- [Information provided]:
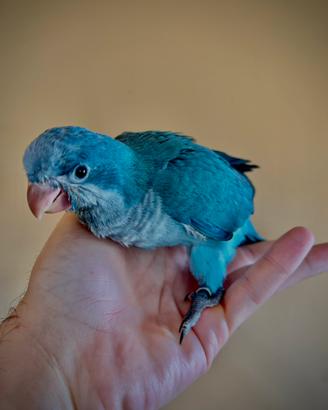 Parrocchetti Monaci Blu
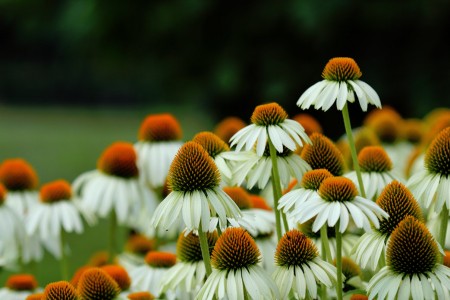 Coneflowers Jigsaw Puzzle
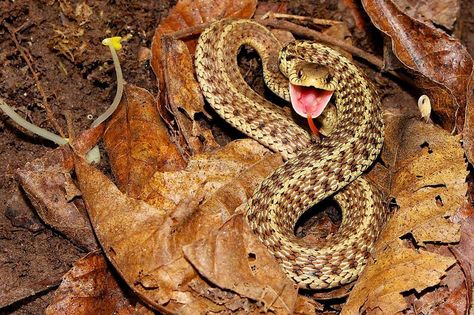 Eastern Garter Snake, March 2016, Bucks County, PA Garter Snake, Bucks County Pa, Bucks County, Animals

- [What this task involves]: Everything from the line containing "Coneflowers Jigsaw Puzzle" through the last line of the listing above must be output exactly, except the pictures.

- [Response]:
 Coneflowers Jigsaw Puzzle
 Eastern Garter Snake, March 2016, Bucks County, PA Garter Snake, Bucks County Pa, Bucks County, Animals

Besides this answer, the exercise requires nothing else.